Oct. 25, 2018 Update: NYS has reopened the comment period until Nov. 22, 2018 on the change that will exclude people permanently residing in nursing homes for 3 months from MLTC plans. Read more here.
Spousal/Parental Refusal Remain Intact –The Governor’s bill would have eliminated spousal refusal for many needy spouses as well as children with cancer and other severe conditions whose parents cannot afford the high cost of their care. While many New Yorkers benefit from the new expanded eligibility limits under the Affordable Care Act [ACA], nearly a million low-income New Yorkers are over age 65 or have permanent disabilities. For them, Medicaid remains unchanged by the ACA, with so-called "non-MAGI" income limits well below the Federal Poverty Level - singles may have only $842/mo and couples only $1233/mo. Spousal/parental refusal provides a vital protection for vulnerable populations, including abused spouses and children.
The Governor's proposal would have maintained Spousal Refusal only for members of Managed Long Term Care (MLTC) plans, denying this protection to those same married individuals when they initially apply for Medicaid in order to enroll in an MLTC plan. Also, many people who need home care are not allowed to enroll in MLTC plans at all -- those receiving Hospice Care, and those whose disabilities are less severe, who need only "housekeeping" services." And spousal refusal would have no longer been allowed for married individuals who do not need MLTC or other home care but still need Medicaid or the Medicare Savings Program for help with Medicare out-of-pocket costs,
Unfortunately, the budget leaves unchanged the cap on Speech and Occupational Therapy visits at 20 per year for each type of therapy. But the increase in PT visits to 40 visits per year will improve access for those in managed care plans as well as those using Medicaid fee for service.

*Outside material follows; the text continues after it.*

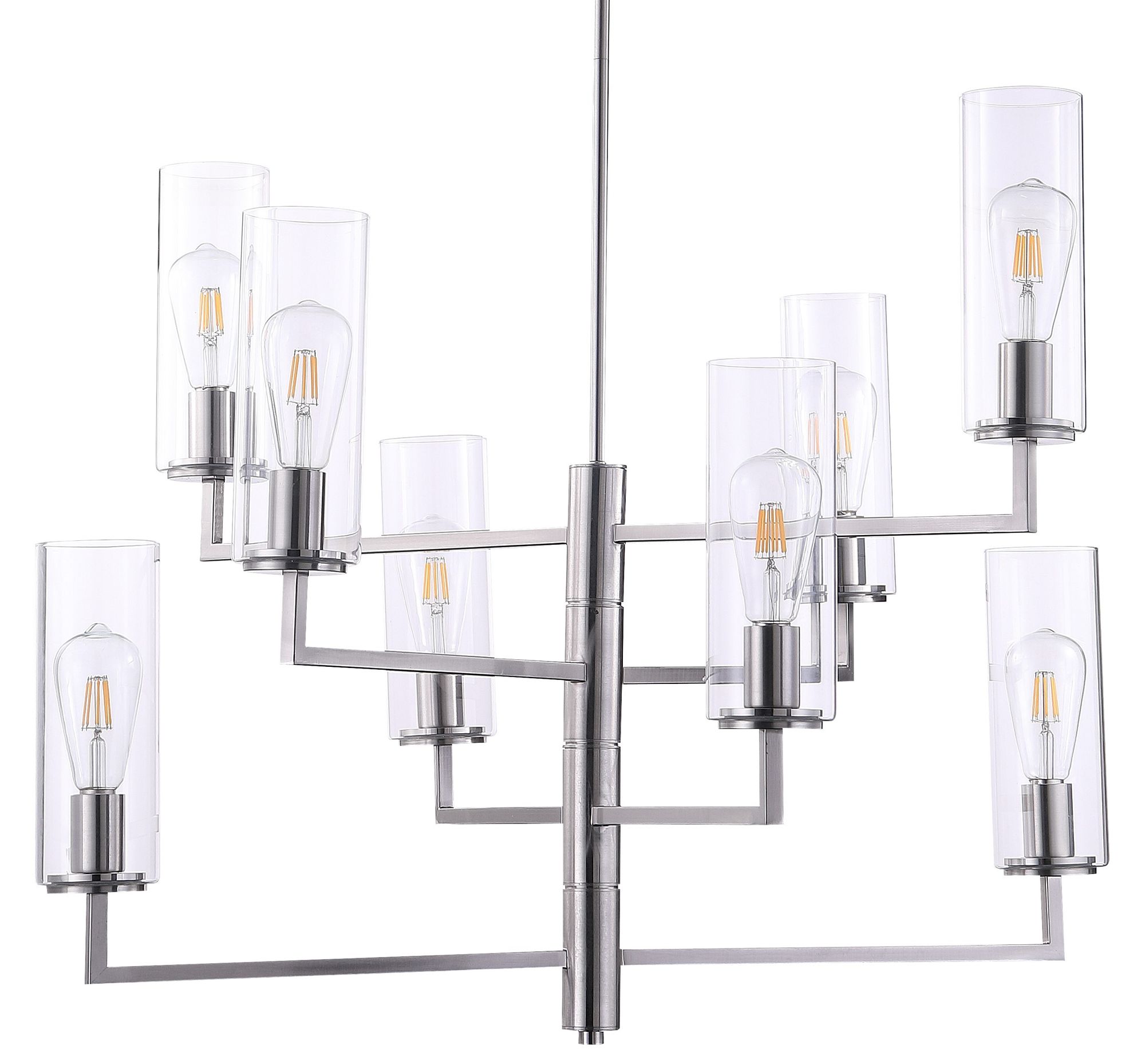 Image 4 Minka-Lavery Acacia 8-Light Brushed Nickel and Clear Glass Chandelier more views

The legislature rejected one of the Governor's proposals that would have excluded from MLTC plans those with an "Uniform Assessment System" score of 9 or lower. These individuals have been determined to need the least amount of personal care services. However, other changes were enacted that consumer advocates fear may be harmful to consumers. NYLAG was one of many organizations that submitted testimony opposing many of these changes. See NYLAG's 2018-19 Testimony posted here. Crain's New York Business quoted NYLAG's testimony stating that some of the changes in MLTC will “increase barriers to access” for those who need care. See "State looks to shrink financial burden for elder care" by Caroline Lewis, Feb. 21, 2018.
The State Dept. of Health sent a memorandum to MLTC plans describing many of the changes in April 2018, posted here. Please note that some of the implementation dates in that memorandum have been extended.

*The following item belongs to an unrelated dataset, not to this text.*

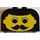 LEGO Negro Con pendiente Ladrillo 2 x 4 x 2 Curvo con Hombre Cara, bigote (4744)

Lock-In - For the first time since MLTC became mandatory 5 years ago, members who enroll in a new plan after Dec. 1, 2018 will be barred from changing plans for 9 months, after the first 90 days enrolled in the plan. See this article for more about this change.

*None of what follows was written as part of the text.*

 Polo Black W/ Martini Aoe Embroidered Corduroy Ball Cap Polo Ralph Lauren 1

People "Permanently Placed" in a Nursing Home for three or more months will no longer be able to enroll in MLTC plans, and those who are already in MLTC plans when they enter a nursing home will be disenrolled after 3 months of permanent placement. This is a reversal of the MLTC program expansion that began in 2015. Since then, all nursing home members have been required to enroll in or remain in managed care and MLTC plans. See this article. Now, people in nursing homes will be disenrolled from their MLTC plans after 3 months of permanent placement. Consumers fear that when MLTC plans are no longer responsible for the cost of nursing home care, the plans will have an incentive to place members with high needs in nursing homes, rather than approve more hours of home care needed for the member to remain in the community.
There is also a concern that it will be more difficult for an individual in a nursing home - now disenrolled from an MLTC plan -- to obtain home care services to return to the community. To address this, NYS DOH has said that a Conflict Free Eligibility assessment will not be required if the consumer seeks to re-enroll in an MLTC plan within 6 months of the disenrollment.
Status of Implementation: Though DOH expected that current MLTC members permanently placed in nursing homes would be disenrolled from MLTC plans on July 1 2018, this has been postponed while procedures are developed and CMS approval is obtained. There are reportedly about 23,000 MLTC members in nursing homes.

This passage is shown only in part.